Cried in the Tub

Dear Diary,


I wrote my entry then started a bath. I got in the tub and just started to cry. I began to write letters to B in my head of how much I love him but how this isnt working. A heartfelt type of talk and imagining us talking through this. Its like B has challanges, he has things to work through, he cant be what I need, and for him he has basic needs to take care of before he can even figure out how to be a partner. Yes I get hurt at times, yet I also understand. Its weird having a deep love for a person so much so to see that it may not work out between you and that person but the love is still there. Its a strange feeling.


But then maybe it will change? Who knows.


But i cried, I got out and then had to help my son read. I didnt really want to do homework, but Im a mother, I have too. So we got the reading done and my phone voice mail went off on my cell. To my delight! Im thinking either B or Music dude? I rush over and hear a area code I dont recognize. It was my former domestic violence leader dude. I called him Sunday finally (after over a month of not returning his call) He said he is out of state, and will be back the 18th this month.


I guess I was a bit dissapointed. That it wasnt a voice I was really looking forward to hearing from.

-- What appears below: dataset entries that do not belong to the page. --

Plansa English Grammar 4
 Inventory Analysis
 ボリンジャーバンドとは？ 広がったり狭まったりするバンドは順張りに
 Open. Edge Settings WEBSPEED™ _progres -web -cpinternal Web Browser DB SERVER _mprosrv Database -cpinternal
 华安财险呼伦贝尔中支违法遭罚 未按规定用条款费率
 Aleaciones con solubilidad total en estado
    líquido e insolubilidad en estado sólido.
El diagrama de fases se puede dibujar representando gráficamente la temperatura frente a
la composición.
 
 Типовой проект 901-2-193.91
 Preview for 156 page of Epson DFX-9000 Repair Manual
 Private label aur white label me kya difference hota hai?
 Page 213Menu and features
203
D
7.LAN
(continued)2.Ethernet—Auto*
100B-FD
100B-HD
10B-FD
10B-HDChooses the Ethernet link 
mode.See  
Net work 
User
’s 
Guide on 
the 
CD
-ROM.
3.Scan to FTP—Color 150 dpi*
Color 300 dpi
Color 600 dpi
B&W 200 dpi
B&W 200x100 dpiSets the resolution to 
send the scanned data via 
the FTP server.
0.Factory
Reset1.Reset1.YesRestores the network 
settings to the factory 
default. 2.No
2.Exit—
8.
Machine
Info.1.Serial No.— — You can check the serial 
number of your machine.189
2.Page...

Thanks C for your letter. I agree with what you say. I know its easy to just read me for others and say “Break up with B, you deserve more, blah blah blah” I know this, but as we all know it isnt so easy to do things when you are in them, its easy to look on as an outsider. So I just will do things in the time frame I see fit, so if you cant stand my sadness and whining. Well maybe check back in a month and see where I am? : )~


I do love you all, and appreciate your feedback, so dont think Im bugged by it.